| Exercise objective |
From the line containing "Skateboard Monstruo zorro con ojos rojos" to the final line of the entries, copy each line exactly. Pictures stay out.

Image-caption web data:

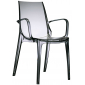 Кресло прозрачное Scab Design Vanity поликарбонат дымчатый Фото 1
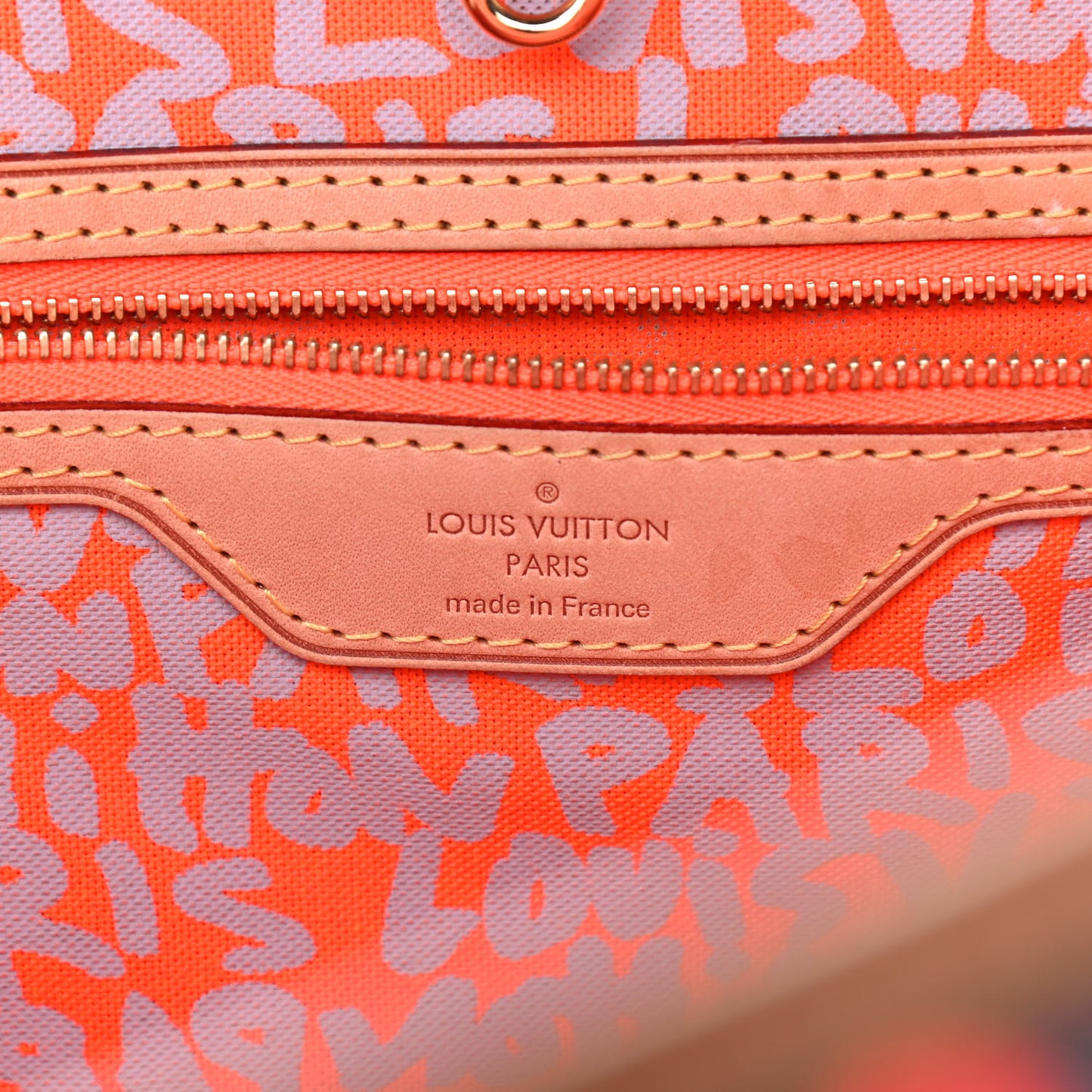 Monogram Graffiti Neverfull GM Orange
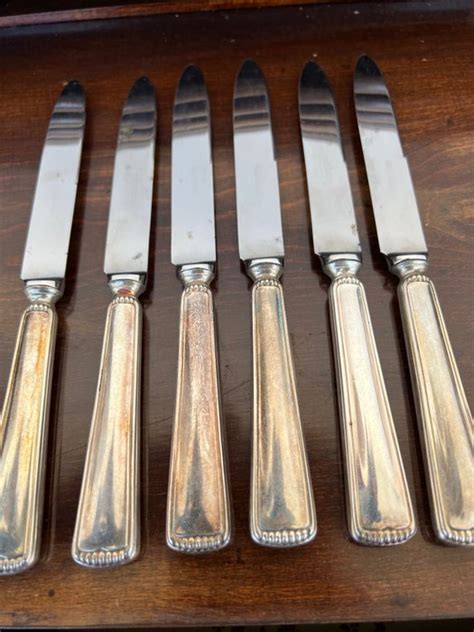 Fruit Knife Set 6 800 Silver Italy Mid 20th Catawiki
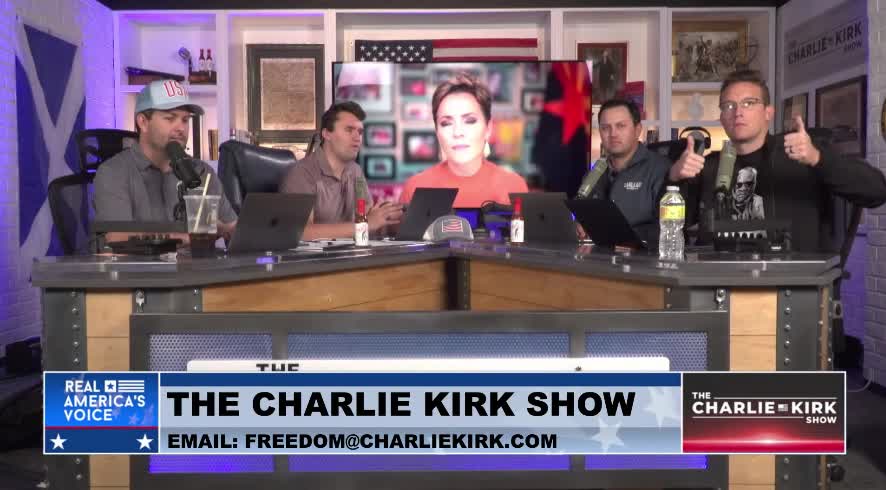 Kari Lake joins Charlie Kirk to talk about what is going on with the elections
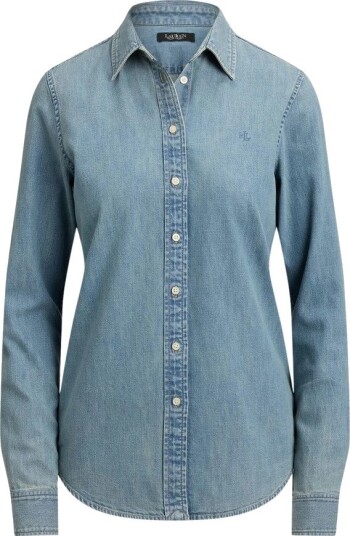 Ralph Lauren Dame Bluser & Skjorter Blå M,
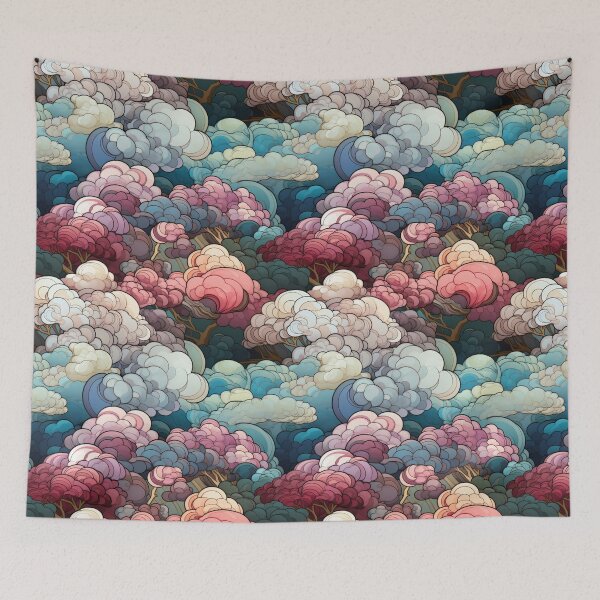 Item preview, Cloudy Treetops designed and sold by Pedra Panda.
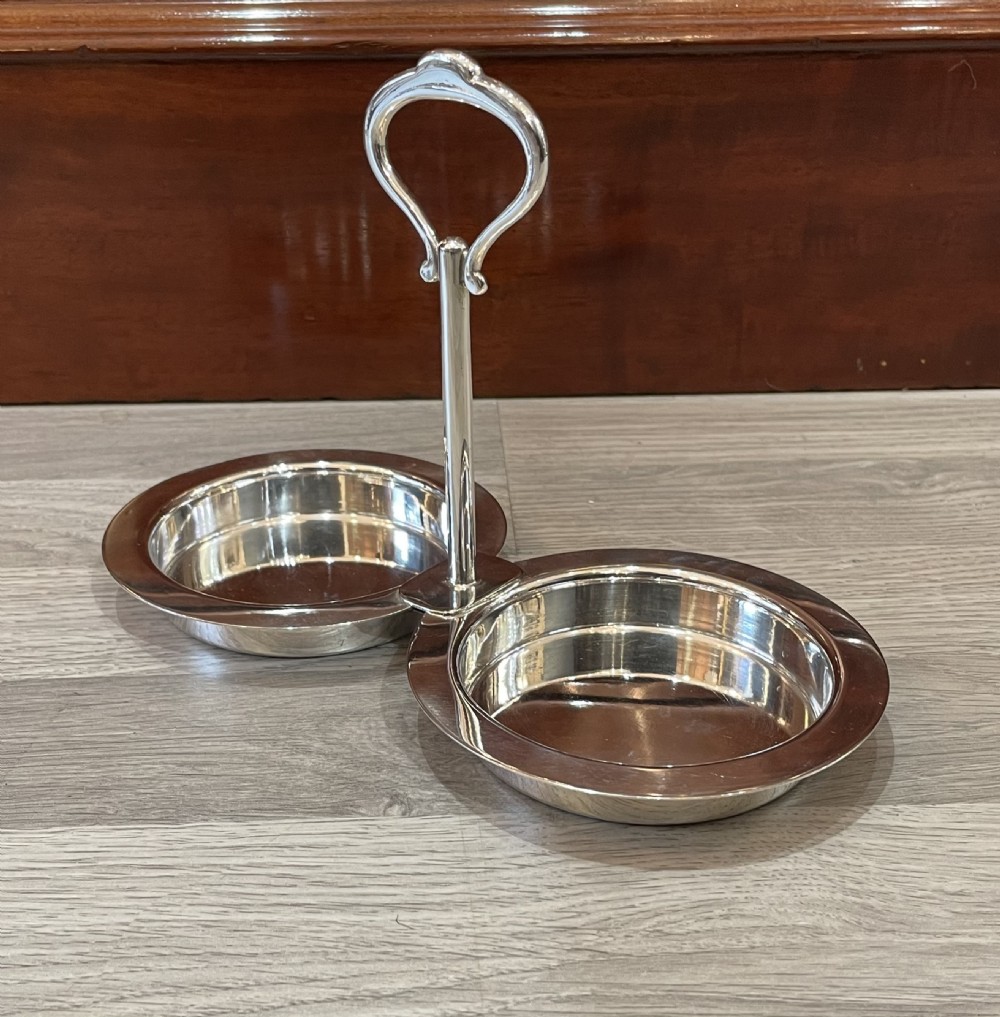Silver Plated Twin Bottle Coaster by Hukin & Heath View V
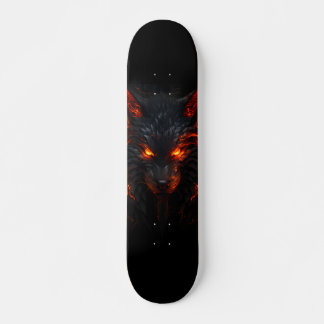 Skateboard Monstruo zorro con ojos rojos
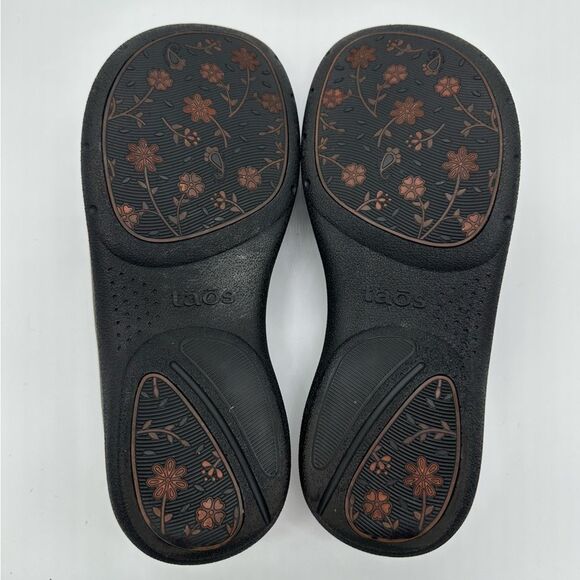 Taos Sweater Knit Slip On Clogs Shoes Women’s 7 Southwestern Print - Picture 4 of 9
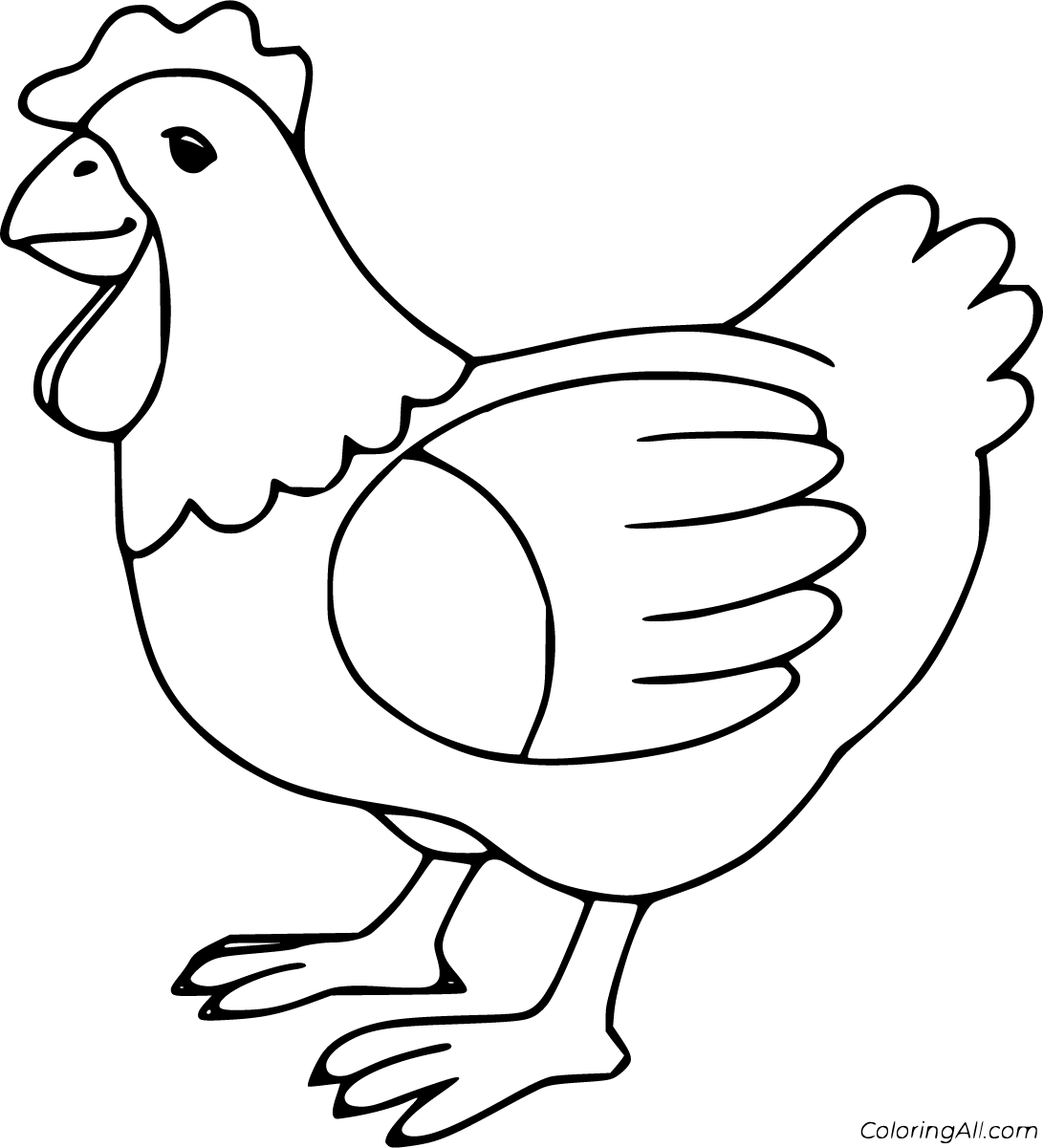 Chicken Coloring Pages 26 Free Printables ColoringAll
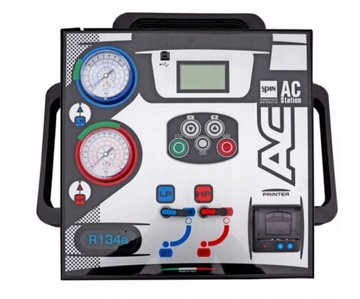 СТАНЦИЯ КОНДИЦИОНЕРА ВОЗДУХА GRUBBER R134A/1234YF ВНЕДОРОЖЬЕ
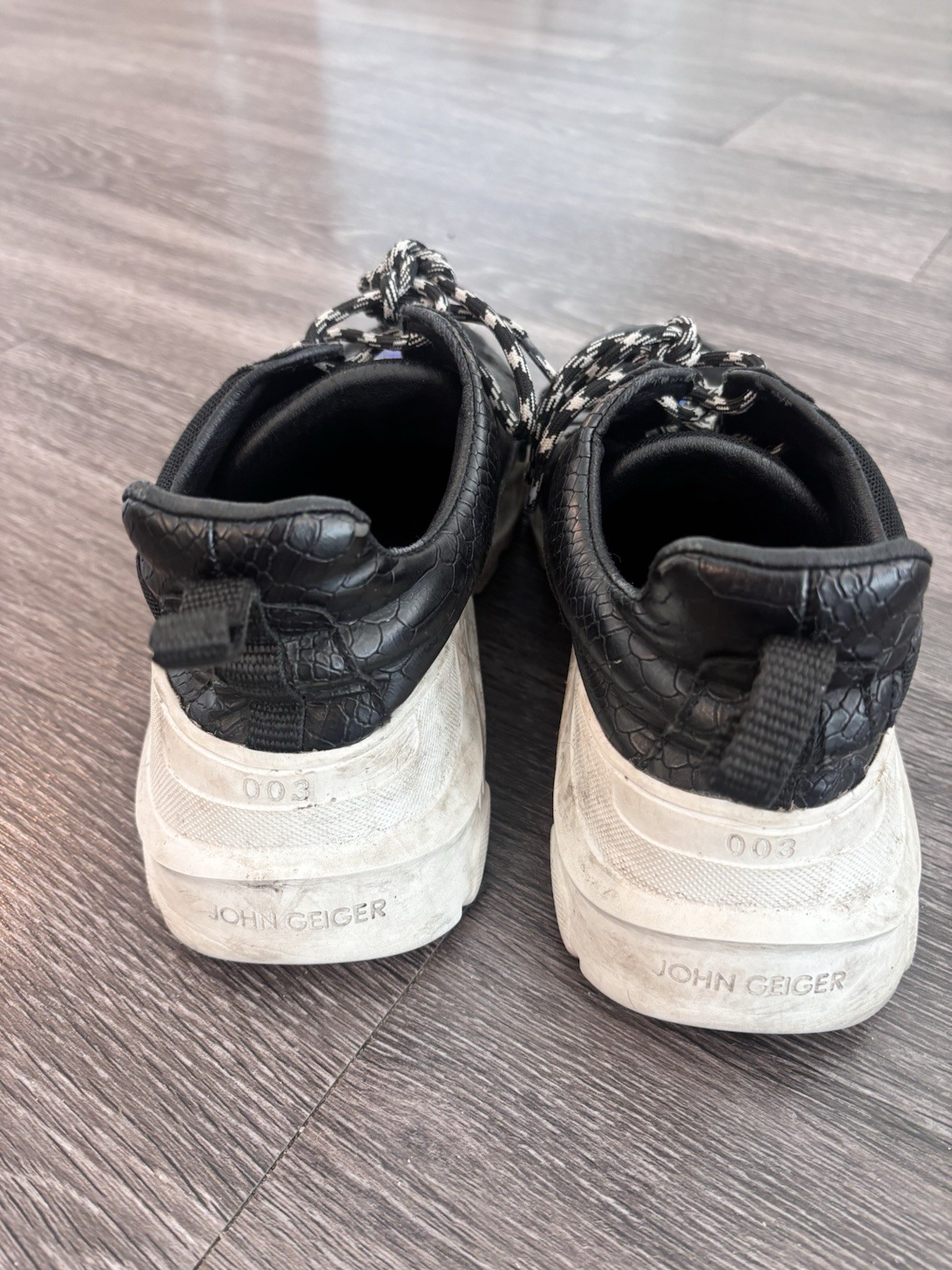 John Geiger Sneaker 003 Black Python Holographic … - image 3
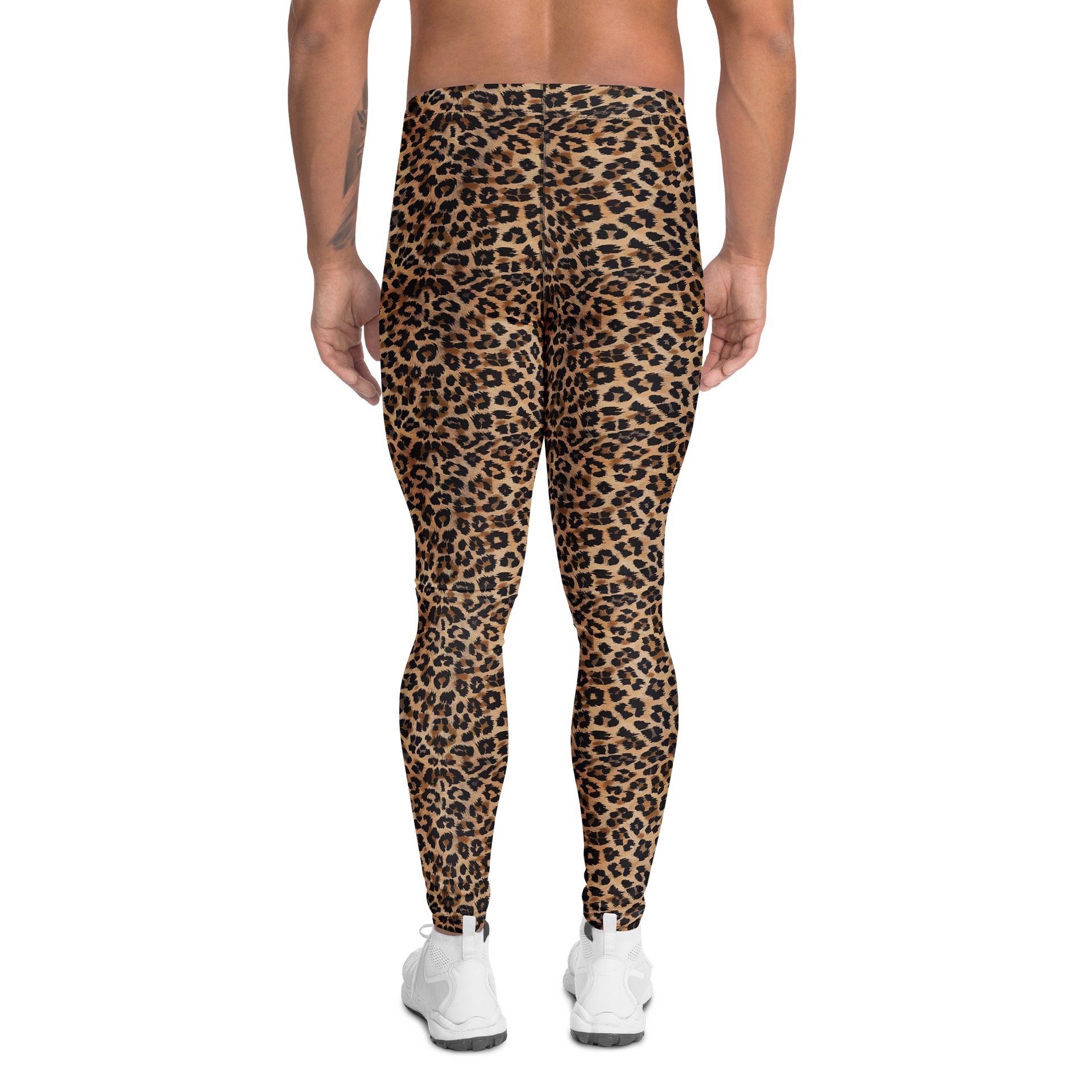 Comfortable Stylish Men’s Leopard Leggings product image (2)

| Written reply |
 Skateboard Monstruo zorro con ojos rojos
 Taos Sweater Knit Slip On Clogs Shoes Women’s 7 Southwestern Print - Picture 4 of 9
 Chicken Coloring Pages 26 Free Printables ColoringAll
 СТАНЦИЯ КОНДИЦИОНЕРА ВОЗДУХА GRUBBER R134A/1234YF ВНЕДОРОЖЬЕ
 John Geiger Sneaker 003 Black Python Holographic … - image 3
 Comfortable Stylish Men’s Leopard Leggings product image (2)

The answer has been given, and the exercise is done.